In April, the US Justice Department announced that US and German law enforcement had seized Hydra's servers. The US indicted the servers’ alleged administrator for conspiring to commit money laundering and distribute illicit drugs. The site was closed down and the alleged administrator arrested by Russian authorities.
The data compiled for Reuters included crypto that passed through multiple digital wallets before reaching Binance. For crypto firms, such “indirect” flows with links to known suspicious sources are red flags for money laundering, according to the Financial Action Task Force (FATF), a global watchdog that sets standards for authorities combating financial crime. Money launderers often use sophisticated techniques to create complex chains of crypto transfers that cover their tracks, the FATF and the International Monetary Fund have said.
Hillmann, the Binance spokesperson, said the Hydra figure was “inaccurate and overblown” and that Reuters was wrongly including indirect flows in its calculation.
Reuters then asked how Binance views its responsibility to monitor its indirect exposure to dirty money. Hillmann replied that “what’s important to note is not where the funds come from – as crypto deposits cannot be blocked – but what we do after the funds are deposited.”
He said Binance uses transaction monitoring and risk assessments to “ensure that any illegal funds are tracked, frozen, recovered and/or returned to their rightful owner”. Binance is working closely with law enforcement to dismantle criminal networks using cryptocurrencies, including in Russia, he said.

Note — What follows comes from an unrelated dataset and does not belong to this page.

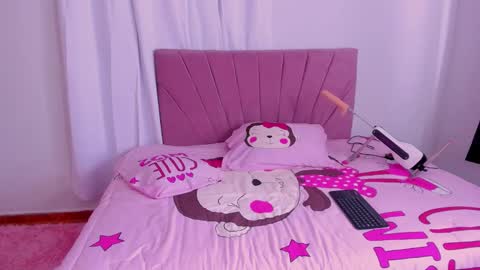 CintiaCollins  online show from 17, 1, 2026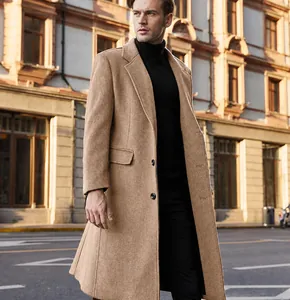 Elegante cappotto lungo da uomo in lana stile britannico in un ambiente urbano professionale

Reuters reviewed documentation from criminal and civil cases. A still open civil case in the US alleges that in 2020 Binance declined a request from investigators and lawyers, acting on behalf of a hacking victim, to permanently freeze an account that was being used to launder stolen funds.
Binance, which disputes the US court's jurisdiction, confirmed to Reuters that it only put a temporary freeze on the account. Hillmann blamed a failure by law enforcement to submit a timely request via Binance's web portal and then answer the exchange's follow-up questions.
In Germany, police said investigators began seeing criminals in Europe turn to Binance in 2020 to launder some of the proceeds from investment fraud schemes that caused victims, many of them pensioners, to lose in total €750m. The criminals’ use of Binance has not been previously reported.
Reuters reporting also reveals for the first time how North Korea's Lazarus used Binance to launder some of the cryptocurrency stolen from Eterbase. A smaller portion of the funds were laundered at the same time through another major exchange, Seychelles-based Huobi, which declined to comment.
After another heist in March this year, when Lazarus stole over $600m from an online game involving cryptocurrencies, Zhao said North Korean hackers had transferred an unspecified amount of the funds to Binance. Hillmann told Reuters that Binance has identified and frozen more than $5m and is assisting law enforcement with its investigation. He didn't provide further details.
The US sanctioned Lazarus in 2019 over cyber attacks designed to support North Korea's weapons programmes, calling it an instrument of the country's intelligence service – an accusation Pyongyang called “vicious slander”. North Korea's mission to the United Nations did not respond to emailed questions. Blockchain researcher Chainalysis estimates that Lazarus stole crypto worth $1.75bn by 2020 that mostly flowed through unidentified exchanges.